──────── EXERCISE DATA ────────

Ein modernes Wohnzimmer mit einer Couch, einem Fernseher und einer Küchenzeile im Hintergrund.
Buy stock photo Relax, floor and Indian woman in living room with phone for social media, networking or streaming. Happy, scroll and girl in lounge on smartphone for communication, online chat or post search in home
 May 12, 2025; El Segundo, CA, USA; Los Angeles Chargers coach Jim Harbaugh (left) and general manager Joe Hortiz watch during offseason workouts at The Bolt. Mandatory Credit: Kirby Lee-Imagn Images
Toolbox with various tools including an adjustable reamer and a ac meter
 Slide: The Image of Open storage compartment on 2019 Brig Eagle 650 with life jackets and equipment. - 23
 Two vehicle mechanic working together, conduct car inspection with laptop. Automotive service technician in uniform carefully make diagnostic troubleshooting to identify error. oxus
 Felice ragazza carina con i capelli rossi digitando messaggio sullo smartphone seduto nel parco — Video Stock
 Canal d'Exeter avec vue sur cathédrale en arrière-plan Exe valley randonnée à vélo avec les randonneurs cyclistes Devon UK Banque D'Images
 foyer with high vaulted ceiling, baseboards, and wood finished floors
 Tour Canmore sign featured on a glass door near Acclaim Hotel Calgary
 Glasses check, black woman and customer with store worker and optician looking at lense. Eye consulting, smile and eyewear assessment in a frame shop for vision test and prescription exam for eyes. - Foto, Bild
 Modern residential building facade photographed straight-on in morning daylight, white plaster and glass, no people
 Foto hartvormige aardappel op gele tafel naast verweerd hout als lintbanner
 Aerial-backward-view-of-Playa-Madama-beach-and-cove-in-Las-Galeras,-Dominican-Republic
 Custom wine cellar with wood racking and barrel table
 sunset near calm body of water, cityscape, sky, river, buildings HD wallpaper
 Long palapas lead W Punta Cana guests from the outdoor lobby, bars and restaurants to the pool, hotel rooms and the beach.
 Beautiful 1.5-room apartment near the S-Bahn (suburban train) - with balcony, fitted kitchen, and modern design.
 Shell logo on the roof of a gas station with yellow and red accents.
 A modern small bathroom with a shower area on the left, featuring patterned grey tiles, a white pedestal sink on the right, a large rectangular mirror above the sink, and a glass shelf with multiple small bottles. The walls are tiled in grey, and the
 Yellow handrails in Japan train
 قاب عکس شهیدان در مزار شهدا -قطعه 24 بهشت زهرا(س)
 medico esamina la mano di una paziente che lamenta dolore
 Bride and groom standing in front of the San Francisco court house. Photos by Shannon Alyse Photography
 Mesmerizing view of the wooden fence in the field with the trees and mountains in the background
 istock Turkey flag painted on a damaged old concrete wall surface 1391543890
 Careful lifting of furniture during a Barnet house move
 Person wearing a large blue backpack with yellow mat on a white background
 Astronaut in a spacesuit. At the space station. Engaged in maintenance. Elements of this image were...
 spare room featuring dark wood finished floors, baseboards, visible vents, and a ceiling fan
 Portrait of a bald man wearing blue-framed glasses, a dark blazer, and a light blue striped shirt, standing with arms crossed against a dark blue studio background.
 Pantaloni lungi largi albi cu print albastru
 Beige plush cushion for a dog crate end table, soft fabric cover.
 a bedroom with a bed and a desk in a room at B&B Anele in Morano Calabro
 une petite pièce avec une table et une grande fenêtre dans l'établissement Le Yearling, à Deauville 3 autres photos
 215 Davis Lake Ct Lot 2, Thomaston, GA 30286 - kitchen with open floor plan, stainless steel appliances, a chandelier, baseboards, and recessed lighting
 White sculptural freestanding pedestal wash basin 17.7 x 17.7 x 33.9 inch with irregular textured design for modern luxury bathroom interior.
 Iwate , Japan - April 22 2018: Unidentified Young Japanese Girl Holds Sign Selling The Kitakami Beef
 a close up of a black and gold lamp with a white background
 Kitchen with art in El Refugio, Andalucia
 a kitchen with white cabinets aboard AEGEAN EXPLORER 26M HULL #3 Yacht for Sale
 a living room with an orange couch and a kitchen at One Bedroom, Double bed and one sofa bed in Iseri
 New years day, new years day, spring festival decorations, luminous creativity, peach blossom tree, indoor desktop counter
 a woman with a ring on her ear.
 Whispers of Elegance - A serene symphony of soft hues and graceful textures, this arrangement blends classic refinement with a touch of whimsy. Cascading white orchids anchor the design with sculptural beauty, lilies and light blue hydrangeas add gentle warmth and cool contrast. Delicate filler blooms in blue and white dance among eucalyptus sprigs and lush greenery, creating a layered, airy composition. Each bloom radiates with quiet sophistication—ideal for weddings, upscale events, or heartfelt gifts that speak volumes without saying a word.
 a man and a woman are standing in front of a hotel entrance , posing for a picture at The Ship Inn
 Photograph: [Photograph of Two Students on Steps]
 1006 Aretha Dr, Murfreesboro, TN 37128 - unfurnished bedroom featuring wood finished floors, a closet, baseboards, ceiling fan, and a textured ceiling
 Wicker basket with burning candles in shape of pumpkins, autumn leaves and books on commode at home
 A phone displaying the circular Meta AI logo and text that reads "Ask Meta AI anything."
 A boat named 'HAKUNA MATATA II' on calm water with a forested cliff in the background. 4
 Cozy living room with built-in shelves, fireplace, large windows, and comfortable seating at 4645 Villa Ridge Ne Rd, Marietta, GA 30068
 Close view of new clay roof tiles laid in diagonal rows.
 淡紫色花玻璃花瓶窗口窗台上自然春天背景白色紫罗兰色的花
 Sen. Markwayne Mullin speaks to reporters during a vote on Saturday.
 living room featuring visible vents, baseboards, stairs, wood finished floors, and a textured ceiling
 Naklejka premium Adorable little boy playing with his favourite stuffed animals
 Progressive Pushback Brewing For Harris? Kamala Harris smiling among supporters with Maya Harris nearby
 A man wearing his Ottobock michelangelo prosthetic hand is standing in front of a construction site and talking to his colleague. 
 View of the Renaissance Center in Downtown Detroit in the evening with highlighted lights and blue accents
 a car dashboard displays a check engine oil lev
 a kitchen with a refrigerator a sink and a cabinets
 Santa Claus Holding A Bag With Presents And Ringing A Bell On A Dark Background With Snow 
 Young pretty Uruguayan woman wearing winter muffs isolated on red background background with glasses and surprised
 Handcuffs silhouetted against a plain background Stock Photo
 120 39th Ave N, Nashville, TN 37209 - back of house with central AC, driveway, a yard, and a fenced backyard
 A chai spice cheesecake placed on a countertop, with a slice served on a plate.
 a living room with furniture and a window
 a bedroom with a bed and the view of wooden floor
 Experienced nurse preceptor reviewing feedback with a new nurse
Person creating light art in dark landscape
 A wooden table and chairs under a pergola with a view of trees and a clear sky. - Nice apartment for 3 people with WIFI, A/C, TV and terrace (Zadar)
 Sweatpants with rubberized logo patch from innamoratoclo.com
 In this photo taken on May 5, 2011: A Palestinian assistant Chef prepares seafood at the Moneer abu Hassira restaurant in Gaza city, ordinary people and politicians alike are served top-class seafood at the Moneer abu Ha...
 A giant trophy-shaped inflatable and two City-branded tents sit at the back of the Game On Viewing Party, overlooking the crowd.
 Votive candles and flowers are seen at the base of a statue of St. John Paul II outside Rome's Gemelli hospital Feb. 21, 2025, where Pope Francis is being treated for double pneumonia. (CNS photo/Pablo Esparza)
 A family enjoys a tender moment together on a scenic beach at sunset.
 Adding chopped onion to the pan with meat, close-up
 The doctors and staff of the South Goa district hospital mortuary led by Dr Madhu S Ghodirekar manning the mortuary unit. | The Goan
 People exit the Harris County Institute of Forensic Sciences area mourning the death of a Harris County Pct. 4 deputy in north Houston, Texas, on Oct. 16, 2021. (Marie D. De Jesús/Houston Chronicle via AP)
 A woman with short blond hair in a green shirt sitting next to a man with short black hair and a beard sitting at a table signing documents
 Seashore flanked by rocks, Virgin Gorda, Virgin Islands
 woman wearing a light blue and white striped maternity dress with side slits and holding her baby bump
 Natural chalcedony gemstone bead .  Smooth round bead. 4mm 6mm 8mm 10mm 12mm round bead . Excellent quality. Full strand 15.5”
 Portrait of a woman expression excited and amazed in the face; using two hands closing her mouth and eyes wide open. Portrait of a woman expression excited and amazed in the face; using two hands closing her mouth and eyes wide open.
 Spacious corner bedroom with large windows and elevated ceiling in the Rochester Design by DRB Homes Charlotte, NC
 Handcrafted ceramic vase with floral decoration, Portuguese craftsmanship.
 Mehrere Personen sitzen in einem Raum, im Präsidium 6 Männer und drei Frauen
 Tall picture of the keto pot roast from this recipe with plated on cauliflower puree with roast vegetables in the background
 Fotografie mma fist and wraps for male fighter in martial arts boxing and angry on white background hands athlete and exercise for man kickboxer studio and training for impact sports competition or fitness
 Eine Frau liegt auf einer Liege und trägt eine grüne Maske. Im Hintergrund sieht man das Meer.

────────

__YOUR ASSIGNMENT__.
Only the lines that hold the word "wooden" are wanted; each should be pulled from the records.

__WRITTEN ANSWER__.
 Mesmerizing view of the wooden fence in the field with the trees and mountains in the background
 a bedroom with a bed and the view of wooden floor
 A wooden table and chairs under a pergola with a view of trees and a clear sky. - Nice apartment for 3 people with WIFI, A/C, TV and terrace (Zadar)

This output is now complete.